A set of words that should uniquely identify the described resource for human use, in the scope of the metadata catalog containing this metadata record. Titles should be language localized with @lan tags; only one distinct title per @lan tag is allowed.

Distribution

1

a dcat:Resource;
dcat:landingPage “literal string URL”;

URL for a web location that provides information about the resource, generally expected to include information about how to get the resource. In general, a resource should have only one landing page.

a dcat:Dataset;
dcat:distribution [
a dcat:Distribution;
dcat:downloadURL “literal URL string” ];

URL for web location that will get a representation of the described resource. downloadURL is required. The Distribution object SHOULD include dcat:mediaType to specify the media type for the actual resource representation; if the distribution content is compressed or packaged, dcat:compressFormat or dcat:packageFormat SHOULD be specified as well. dcterms:conformsTo can be used to identify a specification that defines the full syntax and semantics for the resource content. Other properties in the dcat:Distribution object can be used to provide information about content size, rights, policies, etc. for the particular representation of the resource.

a dcat:Dataset;
dcat:distribution [
a dcat:Distribution;
dcat:accessURL “literal URL string”];

URL for a web location that provides information about how to get the resource. The accessURL might be the same as the landing page, but different distributions might offer different web applications (with different accessURLs) for different access methods or communities. The target of the URL MUST be a web page that can be displayed in standard web browsers.

Rights

1..*

DCAT uses several properties to convey information about access or usage limitations: dcterms:accessRights, dcterms:license and dcterms:rights, which all apply to any dcat:Resource or dcat:Distribution. ‘dcterms:license’ is used to associate a resource with a statement that is explicitly declared as a ‘license’. ‘dcterms:accessRights’ when the resource is associated with a statement denoting only access rights. ‘dcterms:rights for other cases, associating statements not concerning licensing conditions or access rights (e.g., copyright statements). CDIF requires that at least one of these rights properties is populated, either at the dcat:Resource level, applying to all distributions, or with a rights property on each dcat:Distribution.

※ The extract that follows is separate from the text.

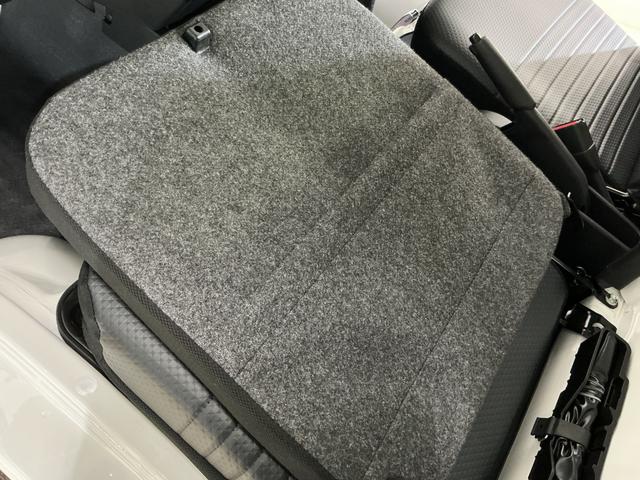 ハイゼットトラックスタンダード　ワンオーナー　４ＷＤ　ＣＶＴ車　ラジオデッキワンオーナー　４ＷＤ　ＣＶＴ車　ラジオデッキ　リアコーナーセンサー　オートマチックハイビーム　３方開　横滑り防止装置　オートライト　マニュアルエアコン　スマートアシスト　ヘッドライトレべライザー（京都府）の中古車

a dcat:Resource OR dcat:Distribution;
dcterms:accessRights [
   rdf:type dcterms:RightsStatement ;
   rdfs:comment “literal rights statement”@en];
   OR <Rights statement URI>;

A statement or link to a statement associated with a resource or a specific resource distribution, denoting access rights, applicable to any distribution of the resource. Access rights can also be expressed as code lists / taxonomies. Examples include the access rights code list EUV-AR used in DCAT-AP and the Eprints Access Rights Vocabulary Encoding Scheme.

a dcat:Resource OR dcat:Distribution;
dcterms:license [
   rdf:type dcterms:LicenseDocument ;
   rdfs:comment “literal license statement or identifier”@en];
   OR <License URI>;

link to a statement associated with a resource that is explicitly declared as a ‘license’. Can be applied at the dcat:Resource or dcat:Distribution level. For interoperability, it is recommended to use canonical IRIs of well-known licenses such as those defined by Creative Commons.

a dcat:Resource OR dcat:Distribution;
dcterms:rights [
   rdf:type dcterms:RightsStatement ;
   rdfs:comment “literal rights statement”@en];
   OR <Rights statement URI>;

link to a statement associated with a resource for other types of rights statements, i.e. those that are not covered by dcterms:license and dcterms:accessRights, such as copyright statements. NOTE– odrl:hasPolicy property is available at the dcat:Resource or dcat:Distribution level if a formal ORDL rules statement is available (see example.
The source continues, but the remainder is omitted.